Earlier this month, Nokia announced that it would start using chipsets from ST-Ericsson, a joint venture between STMicroelectronics (NYS: STM) and Ericsson (NAS: ERIC) . Nokia described its agreement with ST-Ericsson as one that will help Windows Phone-powered smartphones reach "new price points and geographies." That phrase is the key to the switch in suppliers.
When Nokia originally showed off its new smartphones, CEO Stephen Elop dwelled on Nokia's global reach. He was likely referring to emerging markets, places where potential future growth for smartphone sales is high -- if the costs for such handsets can be contained.
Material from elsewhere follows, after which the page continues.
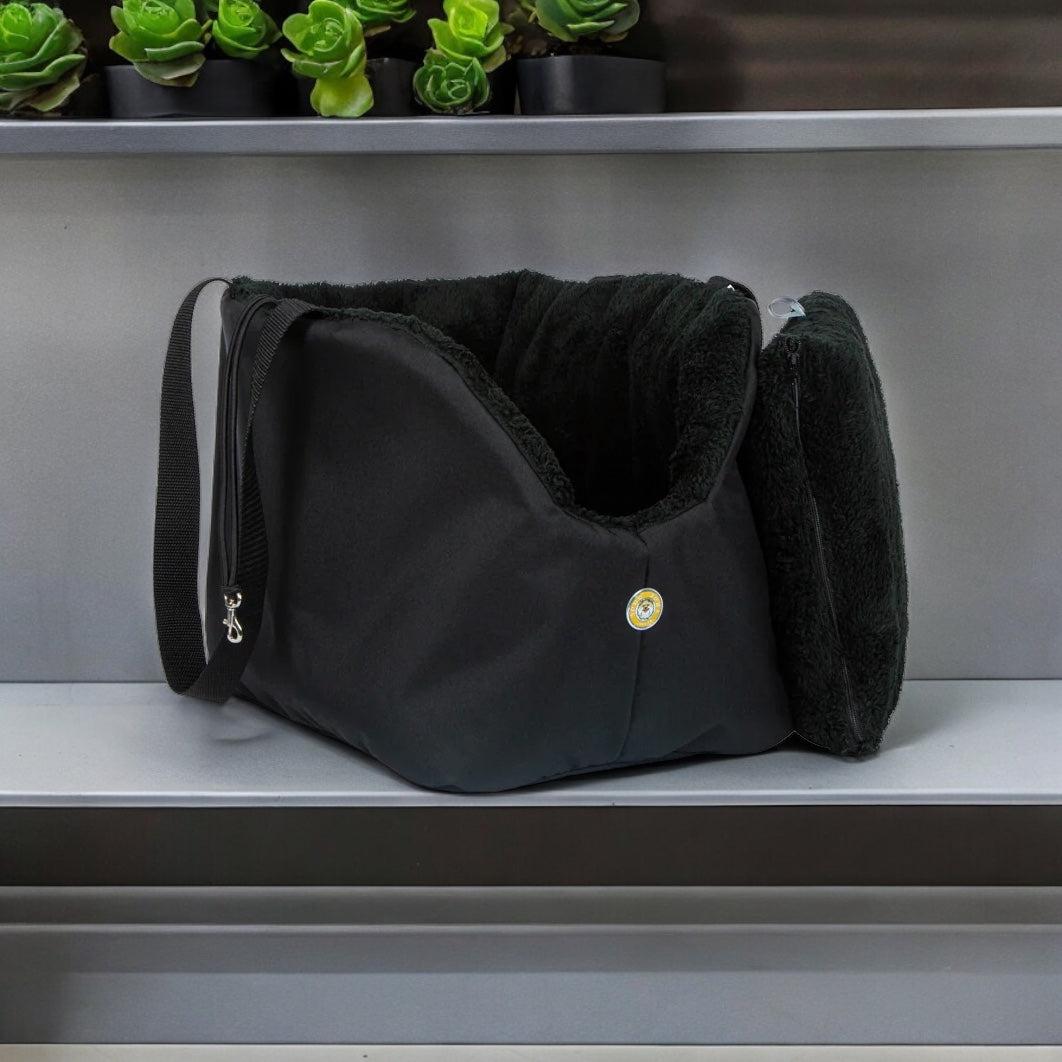 Soho Poms Luxury Rainy Bear Hundetragetasche in Schwarz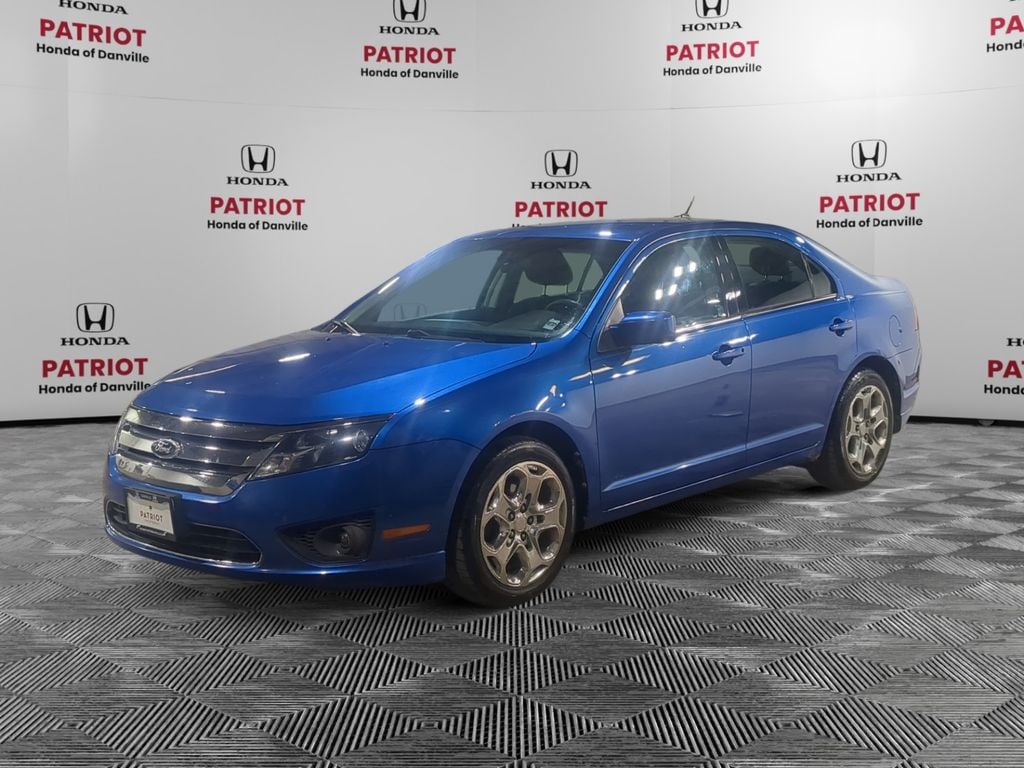 Used 2011 Ford Fusion SE Sedan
As Nokia has found out, cost can make all the difference. Even though it has been steadily losing ground with its phones in established areas, in impoverished regions like Africa, Nokia has made itself into a brand as recognizable as Coca-Cola, according to The Economist. It has done so with such devices as the $30 Nokia 1100 cellphone, which that publication has called the "Kalashnikov of communication for the poor."
So for Nokia's 60% share of the African cellphone market, and for its 50% share of the Chinese and Indian markets -- where most consumers can only afford the cheapest entry-level phones -- the company must be able to bring the cost of its Windows Phones so low they can become those markets' first affordable smartphones.
A chipset price war?
Qualcomm, meanwhile, is not giving up the fight to keep Nokia's business. A top executive for the company, Enrico Salvatori, told TechRadar that the company is working on a long-term relationship with Nokia. But if that relationship is going to go back to more than a friends-with- benefits arrangement, then the chipset maker will have to keep chipping away at cost. If it doesn't, as demonstrated by ST-Ericsson, there are others that will.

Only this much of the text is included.